# Posts/Thread Count



## solaryellow (May 25, 2010)

Will there be any way to set the number of threads or posts per page like vBulletin had? It is a minor irritant but I like not having to click on page after page to view posts and threads.


----------



## TulsaJeff (May 26, 2010)

solaryellow said:


> Will there be any way to set the number of threads or posts per page like vBulletin had? It is a minor irritant but I like not having to click on page after page to view posts and threads.


We don't have that at the moment but thank you for the suggestion.  Out of curiosity, how many posts would you like to see on a page?  Right now, we show 20 per page.


----------



## solaryellow (May 26, 2010)

TulsaJeff said:


> We don't have that at the moment but thank you for the suggestion.  Out of curiosity, how many posts would you like to see on a page?  Right now, we show 20 per page.

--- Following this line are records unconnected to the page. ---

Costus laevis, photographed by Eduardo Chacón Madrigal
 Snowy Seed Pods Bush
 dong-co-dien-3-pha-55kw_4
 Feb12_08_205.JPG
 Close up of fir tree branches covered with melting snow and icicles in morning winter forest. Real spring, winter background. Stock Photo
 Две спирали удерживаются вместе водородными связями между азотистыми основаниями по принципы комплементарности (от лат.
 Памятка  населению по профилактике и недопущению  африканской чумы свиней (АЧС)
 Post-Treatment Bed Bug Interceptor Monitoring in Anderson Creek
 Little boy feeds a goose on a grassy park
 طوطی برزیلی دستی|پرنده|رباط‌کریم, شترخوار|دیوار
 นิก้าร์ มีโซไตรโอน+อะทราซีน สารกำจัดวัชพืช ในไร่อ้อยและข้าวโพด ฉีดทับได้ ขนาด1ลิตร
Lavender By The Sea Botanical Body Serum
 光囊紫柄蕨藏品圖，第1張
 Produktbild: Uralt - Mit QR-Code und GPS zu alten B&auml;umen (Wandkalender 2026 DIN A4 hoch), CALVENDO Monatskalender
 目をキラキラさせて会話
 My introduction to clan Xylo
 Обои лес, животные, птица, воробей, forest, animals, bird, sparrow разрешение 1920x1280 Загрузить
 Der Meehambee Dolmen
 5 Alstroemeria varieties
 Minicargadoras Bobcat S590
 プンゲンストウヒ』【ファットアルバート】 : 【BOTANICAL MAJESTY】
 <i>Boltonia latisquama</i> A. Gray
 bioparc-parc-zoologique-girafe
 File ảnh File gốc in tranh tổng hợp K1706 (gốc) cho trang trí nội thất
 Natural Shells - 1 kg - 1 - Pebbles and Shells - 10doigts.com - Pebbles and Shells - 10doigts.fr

I have a feeling what I like might be a bit excessive to some. I usually set mine at 100 or whatever maximum is allowed if it is less than 100. I could be satisfied with 50.


----------



## rhankinsjr (May 26, 2010)

I am the same way, I'd rather wait a little longer and get as many posts as possible on one page... but I know that isn't everyone's cup of tea.  Hopefully they will implement this as an option eventually.


----------